Mark Seng, IHS Markit director of global automotive aftermarket practice, indicated that the uptick in the length of time motorists are keeping their vehicles is attributable to several factors, perhaps none more consequential than technological innovation.
"Better technology and overall vehicle quality improvements continue to be key drivers of the rising average vehicle age over time," Seng explained. "The 40% drop in new vehicle sales due to the recession created an acceleration in average age like we've never seen before. In the last couple of years, however, average age has returned to its more traditional rate of increase."

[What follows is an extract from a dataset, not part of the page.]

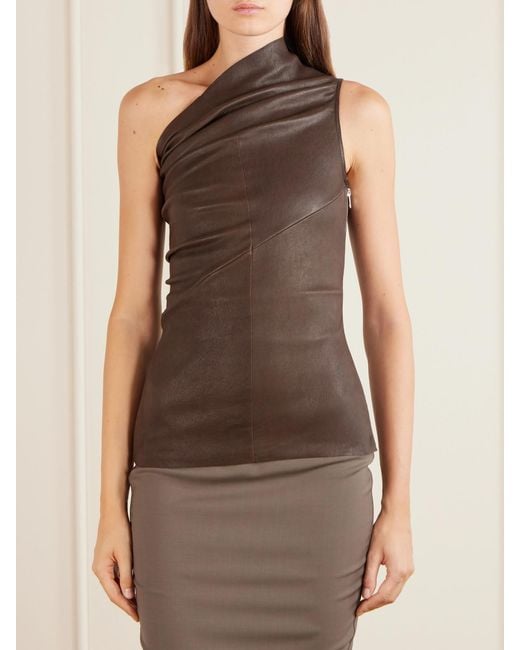 Rick Owens Brown Athena One-Shoulder Leather And Cotton-Blend Tank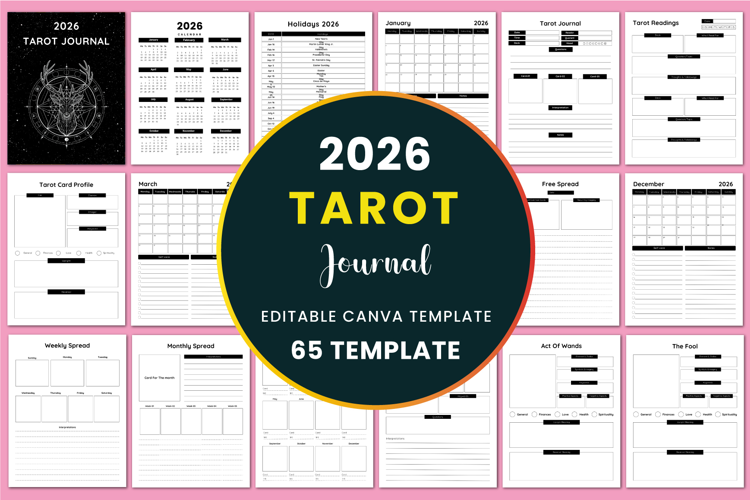 2026 Tarot Journal Canva Templates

Fewer repairs equals longer lives
New and used automobiles are more reliable than in previous years, requiring less ongoing maintenance. Indeed, according to J.D. Power & Associates' latest Vehicle Dependability Study, the industry as a whole gained ground, up 9%, for an average of 136 problems for every 100 vehicles. Lexus - with 106 issues per 100 automobiles - led the way for the eighth consecutive year, slightly ahead of Porsche and Toyota, which tied at 108.
"Flawless dependability is a determining factor in whether customers remain loyal to a brand," said Dave Sargent, vice president of J.D. Power's global automotive division. "Manufacturers need to help customers who are currently experiencing vehicle problems and address these trouble spots on future models."
West drivers keeps cars longest
But these performance problems are decreasing in number, as both trucks and passenger vehicles age more gracefully today than in yesteryear. The oldest of cars are out west, averaging 12.4 years before owners replace them, the study found. The youngest are just shy of 11 years - 10.9, to be specific - in the nation's northeastern corridor. Meanwhile, on a state-to-state basis, Montana has the oldest at 16.6 years, a stark contrast to the youngest, in Vermont, at 9.9 years.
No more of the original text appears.